Pfizer just might postpone Viagra's patent cliff

Could Pfizer get a reprieve on Viagra? It all depends on what happens in a federal trial beginning this week. As the Wall Street Journal reports, the company is trying to extend its exclusivity on the impotence drug by invoking a patent that doesn't expire till 2019. If affirmed, that patent would give up to seven years of extra oomph to Viagra sales.

Pfizer has been pursuing a variety of strategies to keep its Viagra franchise going. It has rolled out a new, chewable version in Mexico, for instance, and it's working on an over-the-counter version. But if it can win extended patent protection, that would be a major coup. Leerink Swann's Seamus Fernandez, who figures there's "a very good chance" Pfizer will get its extension, also figures that a longer Viagra monopoly would deliver "several hundred million dollars of sales and profits."

But before Pfizer can count those millions, it will have to fight off Teva Pharmaceutical Industries, which plans to launch its version of the drug after the basic patent expires next year. Teva has challenged the later patent, which covers the use of Viagra's active ingredient sildenafil as a treatment for erectile dysfunction. Originally under development as a heart drug, sildenafil is also sold under the Revatio brand name to treat pulmonary hypertension.
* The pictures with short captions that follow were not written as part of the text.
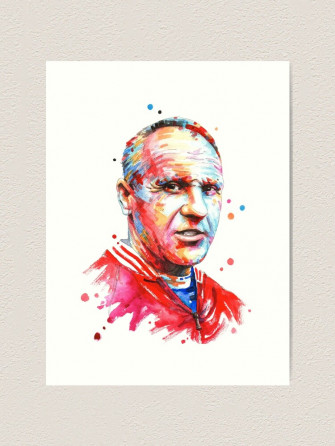 Bill Shankly Liverpool Football Club Art Print By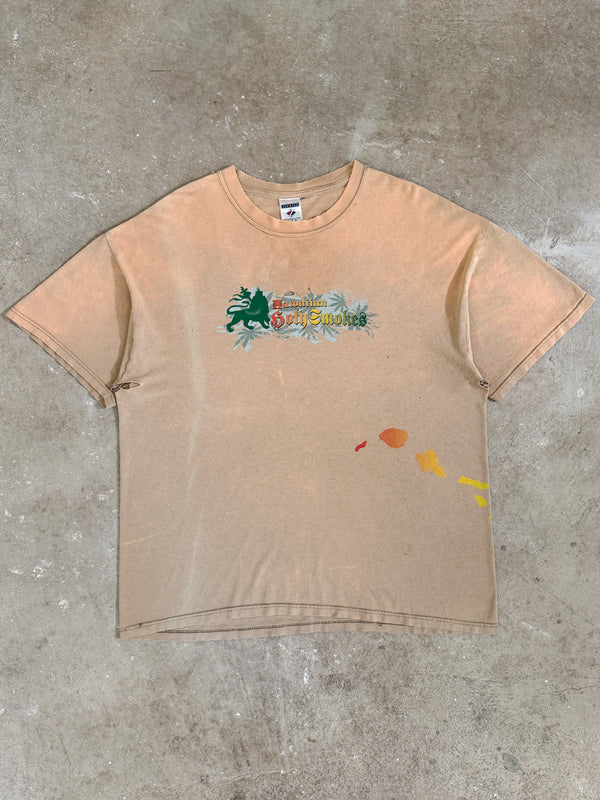 2000s "Hawaiian Holy Smokes" Distressed Tee (XL)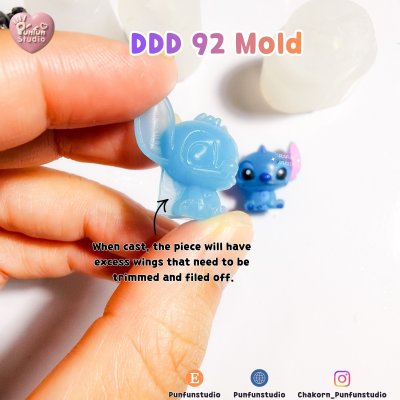 DDD 71, 91-92 Tiny 3D Molds / UV Resin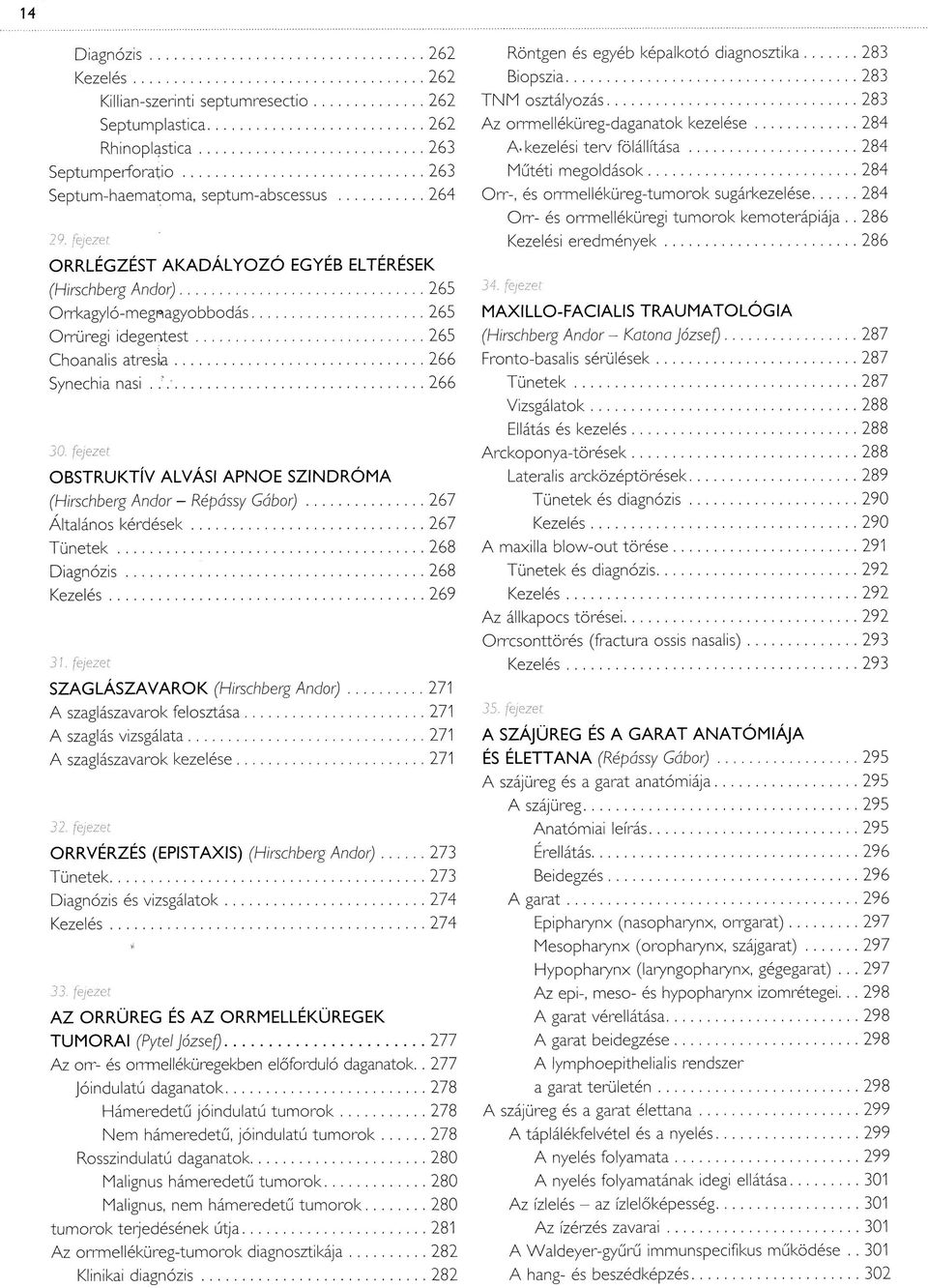 .. 266 Synechia nasi.... 266 30. fejezet O B S TR U K TÍV ALVÁSI A P N O E S Z IN D R Ó M A (Hirschberg Andor - Répássy G á b o r)...267 Általános k é rd é s e k...267 T ü n e te k.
Pfizer says many of Teva's arguments against its 2019 patent have already been rejected by the U.S. Patent and Trademark Office, the WSJ reports. The PTO has examined and re-examined that patent already, the company says.

But Teva claims that using sildenafil for erectile dysfunction is obvious, and so the patent is invalid. Teva also claims that Pfizer engaged in "inequitable conduct" by withholding info from the patent office. As the WSJ notes, however, proving inequitable conduct just got more difficult after an appeals court ruling in a patent case involving Abbott Laboratories and Becton Dickinson. We can't pretend to be patent lawyers or psychics, so we'll have to wait till the court rules. The trial is expected to wrap next month, but a decision could be pending till early 2012.